ISTOÉ – A decisão de barrar ou levar a análise adiante é do sr …
Cunha –
Não, por isso a questão de ordem que foi colocada e eu respondi (na quinta-feira) esclarece: o regimento da Câmara dá poder ao presidente, mas sempre a última palavra é do plenário. Então, não existe decisão do presidente que não caiba depois ser referendada pelo plenário.

ISTOÉ – Está sendo pressionado para barrar o impeachment?
Cunha –
Eu sofro pressão de todos os lados. Daqueles que pediram para que eu acolha (o pedido de impeachment) e dos que querem que eu recuse. Trabalho muito tranquilo com esse negócio de pressão, eu não tenho problema com pressão. Vou cumprir minha obrigação. Não quero antecipar a decisão, porque seria antiético, mas elas são sustentadas monocraticamente e terão que ser confirmadas.

ISTOÉ – O sr. vai ajudar ou dificultar a abertura de um pedido para abertura do processo de impeachment contra a presidente Dilma Rousseff?
Cunha –
Eu, sozinho, não tenho poder sobre esse processo de impeachment. Apenas tenho que cumprir o regimento naquilo que me diz respeito.

ISTOÉ – O senhor recuou?
Cunha –
Não, claro que não. Disseram que o Renan (Calheiros, presidente do Senado PMDB-AL) teria aderido ao governo. Aí manifestantes foram para a porta das nossas casas, porque somos vizinhos, tocar vuvuzela. Disseram estar lá para não deixar Renan dormir e eu disse: “Se ele não dorme, também não durmo”. Esculhambam o Renan, mas minha posição não é que o PMDB rompa. “Rompa” parece briga, né?
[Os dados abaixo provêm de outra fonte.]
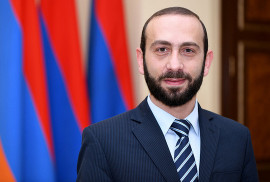Ermenistan Dışişleri Bakanı Moskova'da Rus mevkidaşı ve KGAÖ Genel Sekreteri ile görüşecek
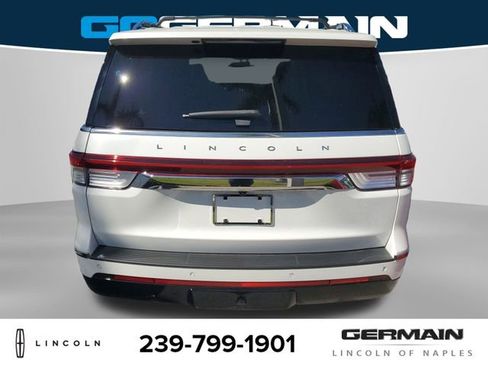 Used 2023 Lincoln Navigator Reserve image 8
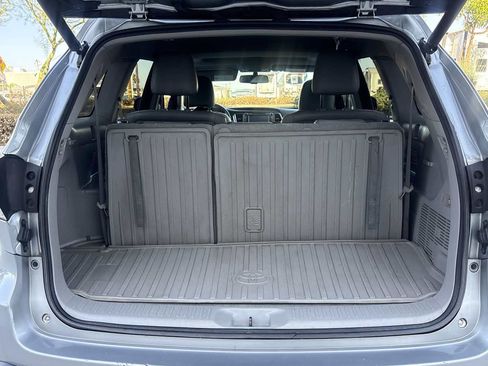Used 2016 Toyota Highlander Limited AWD/4WD image 10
Mas, digo, saia formalmente da base do governo.

ISTOÉ – O ministro Aloizio Mercadante (Casa Civil), acusado de ter trabalhado contra a sua eleição para a presidência da Câmara, agora está com poderes esvaziados. O sr., que é um homem crente, acredita que Deus atendeu seus pedidos?
Cunha –
(Risos) Sou crente, mas não estou crente de que ele está esvaziado. Acho difícil ele conseguir ficar fora da articulação política.